> The problem: Every line of the data below is to be retyped exactly.

> Data section:
════

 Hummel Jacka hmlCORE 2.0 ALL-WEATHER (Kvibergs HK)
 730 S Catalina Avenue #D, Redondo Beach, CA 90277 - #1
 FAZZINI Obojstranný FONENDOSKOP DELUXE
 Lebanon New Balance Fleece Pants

════

> Solution for this task:
 Hummel Jacka hmlCORE 2.0 ALL-WEATHER (Kvibergs HK)
 730 S Catalina Avenue #D, Redondo Beach, CA 90277 - #1
 FAZZINI Obojstranný FONENDOSKOP DELUXE
 Lebanon New Balance Fleece Pants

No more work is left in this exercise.